Transcribe exactly the line with "Royalty Art Glass" and each line that follows it in the listing, down to the last, omitting all pictures.

SOURCE MATERIAL:
*** Begin section ***

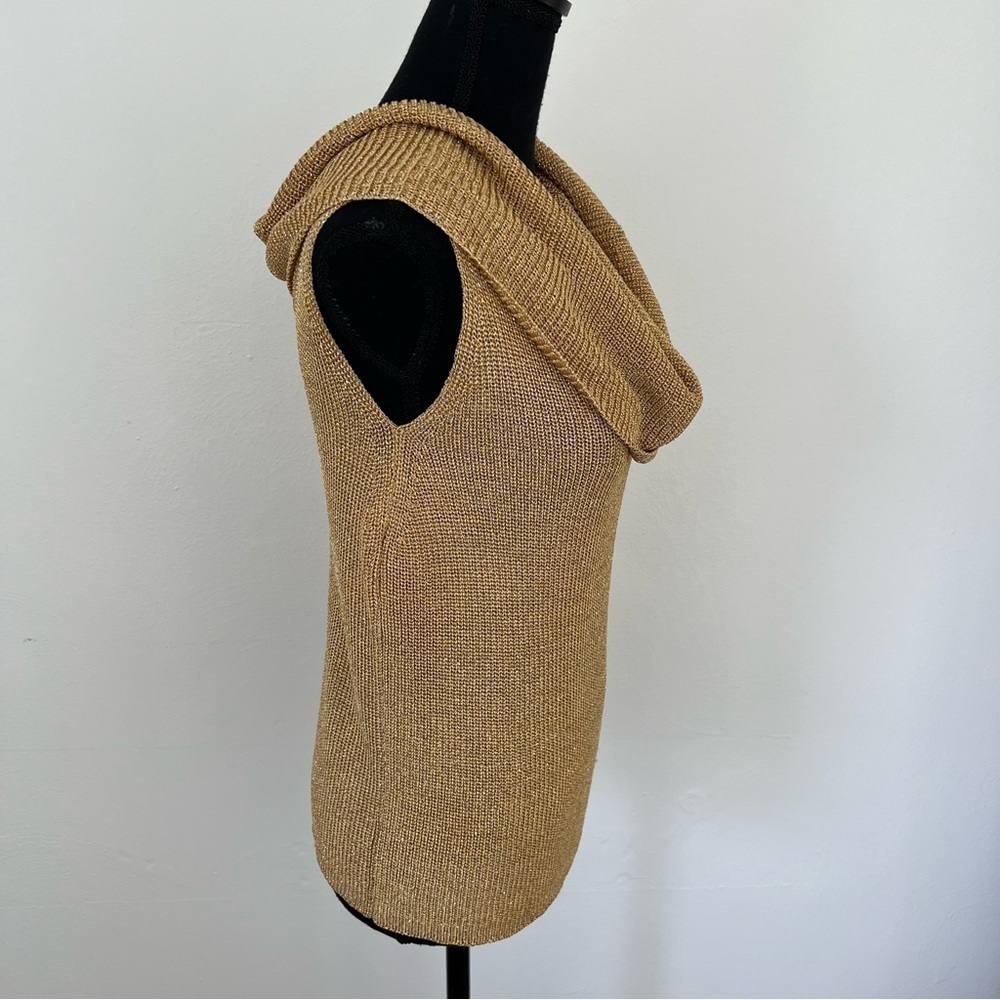 Linda Allard Ellen Tracy Gold Shimmer
Cowl Neck Sleeveless Sweater - Picture 4 of 10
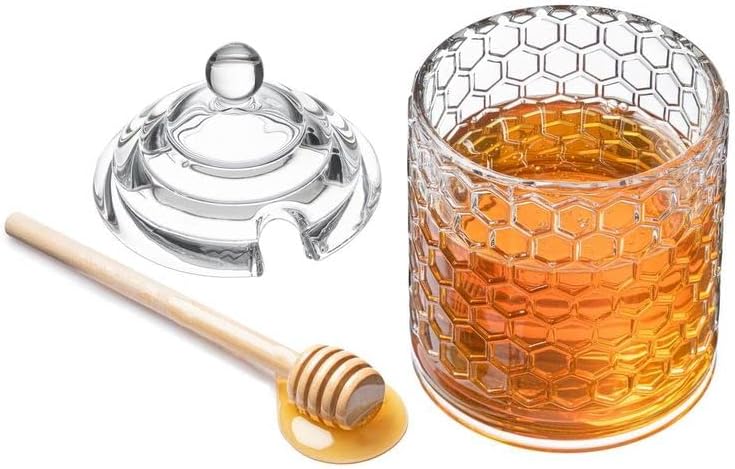 Royalty Art Glass Honey Pot with Beehive Lid and Wooden Dipper, 3 Pc. Set, Decorative Kitchen Accessory and Dispenser, Honeycomb Glassware, Reusable and Washable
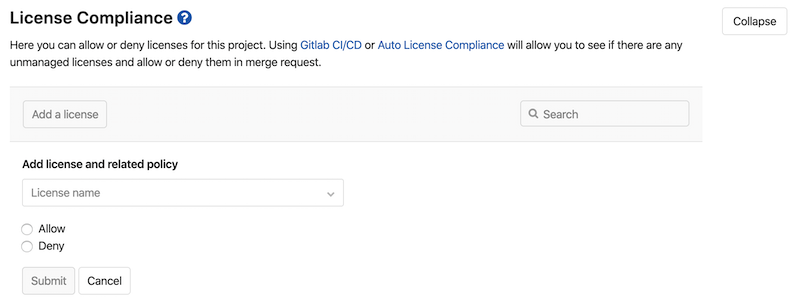 License Compliance Add License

*** End section ***

RESPONSE TO THIS TASK:
 Royalty Art Glass Honey Pot with Beehive Lid and Wooden Dipper, 3 Pc. Set, Decorative Kitchen Accessory and Dispenser, Honeycomb Glassware, Reusable and Washable
 License Compliance Add License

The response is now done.